**Task instructions:** These entries are to be set down again exactly.

**Extracted records:**

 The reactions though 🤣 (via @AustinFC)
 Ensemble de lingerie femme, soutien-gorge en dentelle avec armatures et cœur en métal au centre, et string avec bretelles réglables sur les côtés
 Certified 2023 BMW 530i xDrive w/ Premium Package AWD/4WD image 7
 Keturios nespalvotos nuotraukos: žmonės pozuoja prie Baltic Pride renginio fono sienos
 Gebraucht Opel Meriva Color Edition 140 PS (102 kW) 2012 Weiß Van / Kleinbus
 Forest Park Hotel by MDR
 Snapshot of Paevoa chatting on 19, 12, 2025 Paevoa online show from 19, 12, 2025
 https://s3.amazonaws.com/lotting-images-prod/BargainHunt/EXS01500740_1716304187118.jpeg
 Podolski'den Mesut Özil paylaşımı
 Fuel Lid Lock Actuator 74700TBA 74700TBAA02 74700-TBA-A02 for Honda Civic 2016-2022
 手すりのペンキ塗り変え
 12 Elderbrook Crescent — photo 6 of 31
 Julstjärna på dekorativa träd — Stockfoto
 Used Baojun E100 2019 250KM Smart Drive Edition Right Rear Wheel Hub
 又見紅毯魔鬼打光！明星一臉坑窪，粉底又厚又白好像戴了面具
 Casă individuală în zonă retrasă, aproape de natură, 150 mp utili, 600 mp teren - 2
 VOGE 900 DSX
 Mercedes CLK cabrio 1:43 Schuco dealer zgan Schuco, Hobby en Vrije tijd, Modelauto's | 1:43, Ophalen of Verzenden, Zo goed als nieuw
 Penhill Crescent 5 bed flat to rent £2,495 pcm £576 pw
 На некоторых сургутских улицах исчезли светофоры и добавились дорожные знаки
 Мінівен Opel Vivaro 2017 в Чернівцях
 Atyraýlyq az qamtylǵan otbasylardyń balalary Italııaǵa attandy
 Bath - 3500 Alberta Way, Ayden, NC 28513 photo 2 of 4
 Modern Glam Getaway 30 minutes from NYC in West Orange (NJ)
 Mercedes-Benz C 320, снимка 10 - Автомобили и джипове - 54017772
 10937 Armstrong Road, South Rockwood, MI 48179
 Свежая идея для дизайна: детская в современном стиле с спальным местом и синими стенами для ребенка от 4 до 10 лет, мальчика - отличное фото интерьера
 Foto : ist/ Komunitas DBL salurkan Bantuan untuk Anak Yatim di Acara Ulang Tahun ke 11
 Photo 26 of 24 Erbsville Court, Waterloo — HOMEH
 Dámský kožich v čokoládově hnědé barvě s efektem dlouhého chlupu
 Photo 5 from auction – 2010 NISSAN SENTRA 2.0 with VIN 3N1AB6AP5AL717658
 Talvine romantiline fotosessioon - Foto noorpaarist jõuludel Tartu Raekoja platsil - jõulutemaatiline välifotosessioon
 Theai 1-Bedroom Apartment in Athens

**Your response:**
 The reactions though 🤣 (via @AustinFC)
 Ensemble de lingerie femme, soutien-gorge en dentelle avec armatures et cœur en métal au centre, et string avec bretelles réglables sur les côtés
 Certified 2023 BMW 530i xDrive w/ Premium Package AWD/4WD image 7
 Keturios nespalvotos nuotraukos: žmonės pozuoja prie Baltic Pride renginio fono sienos
 Gebraucht Opel Meriva Color Edition 140 PS (102 kW) 2012 Weiß Van / Kleinbus
 Forest Park Hotel by MDR
 Snapshot of Paevoa chatting on 19, 12, 2025 Paevoa online show from 19, 12, 2025
 https://s3.amazonaws.com/lotting-images-prod/BargainHunt/EXS01500740_1716304187118.jpeg
 Podolski'den Mesut Özil paylaşımı
 Fuel Lid Lock Actuator 74700TBA 74700TBAA02 74700-TBA-A02 for Honda Civic 2016-2022
 手すりのペンキ塗り変え
 12 Elderbrook Crescent — photo 6 of 31
 Julstjärna på dekorativa träd — Stockfoto
 Used Baojun E100 2019 250KM Smart Drive Edition Right Rear Wheel Hub
 又見紅毯魔鬼打光！明星一臉坑窪，粉底又厚又白好像戴了面具
 Casă individuală în zonă retrasă, aproape de natură, 150 mp utili, 600 mp teren - 2
 VOGE 900 DSX
 Mercedes CLK cabrio 1:43 Schuco dealer zgan Schuco, Hobby en Vrije tijd, Modelauto's | 1:43, Ophalen of Verzenden, Zo goed als nieuw
 Penhill Crescent 5 bed flat to rent £2,495 pcm £576 pw
 На некоторых сургутских улицах исчезли светофоры и добавились дорожные знаки
 Мінівен Opel Vivaro 2017 в Чернівцях
 Atyraýlyq az qamtylǵan otbasylardyń balalary Italııaǵa attandy
 Bath - 3500 Alberta Way, Ayden, NC 28513 photo 2 of 4
 Modern Glam Getaway 30 minutes from NYC in West Orange (NJ)
 Mercedes-Benz C 320, снимка 10 - Автомобили и джипове - 54017772
 10937 Armstrong Road, South Rockwood, MI 48179
 Свежая идея для дизайна: детская в современном стиле с спальным местом и синими стенами для ребенка от 4 до 10 лет, мальчика - отличное фото интерьера
 Foto : ist/ Komunitas DBL salurkan Bantuan untuk Anak Yatim di Acara Ulang Tahun ke 11
 Photo 26 of 24 Erbsville Court, Waterloo — HOMEH
 Dámský kožich v čokoládově hnědé barvě s efektem dlouhého chlupu
 Photo 5 from auction – 2010 NISSAN SENTRA 2.0 with VIN 3N1AB6AP5AL717658
 Talvine romantiline fotosessioon - Foto noorpaarist jõuludel Tartu Raekoja platsil - jõulutemaatiline välifotosessioon
 Theai 1-Bedroom Apartment in Athens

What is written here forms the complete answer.